■ The problem ■
Please restate word for word, and with nothing added, the lines that run from the one holding "CINTURÓN TEXTURA VÍBORA HEBILLA FORRADA" to the end of the entries below.

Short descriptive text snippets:
━━━━━━━━━━

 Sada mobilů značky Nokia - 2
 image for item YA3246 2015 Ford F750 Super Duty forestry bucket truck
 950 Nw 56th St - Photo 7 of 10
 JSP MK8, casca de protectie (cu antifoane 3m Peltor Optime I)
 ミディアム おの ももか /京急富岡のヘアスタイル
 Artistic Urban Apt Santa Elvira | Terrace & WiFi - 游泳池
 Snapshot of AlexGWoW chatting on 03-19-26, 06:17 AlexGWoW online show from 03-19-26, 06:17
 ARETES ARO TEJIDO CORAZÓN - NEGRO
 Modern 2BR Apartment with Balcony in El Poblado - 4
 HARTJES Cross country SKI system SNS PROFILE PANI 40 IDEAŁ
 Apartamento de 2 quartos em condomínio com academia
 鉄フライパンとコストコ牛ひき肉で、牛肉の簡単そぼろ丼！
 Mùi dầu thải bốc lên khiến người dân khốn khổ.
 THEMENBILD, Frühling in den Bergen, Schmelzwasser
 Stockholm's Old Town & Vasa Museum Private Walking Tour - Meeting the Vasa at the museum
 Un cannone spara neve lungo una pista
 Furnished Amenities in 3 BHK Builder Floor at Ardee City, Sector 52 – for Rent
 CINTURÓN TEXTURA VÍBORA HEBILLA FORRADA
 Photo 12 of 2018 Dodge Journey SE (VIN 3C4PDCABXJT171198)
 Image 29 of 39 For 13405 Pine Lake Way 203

━━━━━━━━━━

■ Written response ■
 CINTURÓN TEXTURA VÍBORA HEBILLA FORRADA
 Photo 12 of 2018 Dodge Journey SE (VIN 3C4PDCABXJT171198)
 Image 29 of 39 For 13405 Pine Lake Way 203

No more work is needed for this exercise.